Post-quake moves hurting kids

SETTLING DOWN: Adrienne Hiscoke, 26, hopes that she won’t have to shift her 6-year-old son again after he’s attended five different schools while the family relocated due to work.
SETTLING DOWN: Adrienne Hiscoke, 26, hopes that she won’t have to shift her 6-year-old son again after he’s attended five different schools while the family relocated due to work.

Christchurch children are becoming "moving targets" between schools as post-quake issues force families to regularly move house.

Schools are experiencing massive roll changes each year as families living in damaged rentals go in search of homes across the other side of town.

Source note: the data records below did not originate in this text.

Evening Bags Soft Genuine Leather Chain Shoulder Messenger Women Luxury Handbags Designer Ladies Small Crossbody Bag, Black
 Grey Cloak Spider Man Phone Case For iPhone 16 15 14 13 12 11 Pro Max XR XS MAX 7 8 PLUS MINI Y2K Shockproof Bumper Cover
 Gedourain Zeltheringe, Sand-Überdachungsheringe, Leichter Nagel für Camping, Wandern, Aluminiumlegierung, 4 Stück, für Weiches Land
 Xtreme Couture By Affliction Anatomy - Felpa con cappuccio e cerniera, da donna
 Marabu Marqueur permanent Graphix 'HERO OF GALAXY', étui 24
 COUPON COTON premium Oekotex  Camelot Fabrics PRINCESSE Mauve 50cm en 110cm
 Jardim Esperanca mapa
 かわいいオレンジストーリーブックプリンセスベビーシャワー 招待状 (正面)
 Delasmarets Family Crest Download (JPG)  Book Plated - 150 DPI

Experts warn that too much transience for children can put their learning back about three months with each move to a new school.

Linwood Avenue School had 180 pupils on its roll of 300 come and go last year.

Principal Gerard Direen is concerned about disruption to children's learning as families struggle with housing issues and rising rent, particularly in the city's east.

"They're going all over the show, and coming from all over the show, both within Christchurch and leaving. There's a level of change that goes on that isn't OK."

Schools and teachers had to think "on your toes" to assess the needs of children who were "moving targets" between schools.

Since the quakes, the school had about a 50 per cent turnover within its roll. It was "definitely a risk" for the children's learning.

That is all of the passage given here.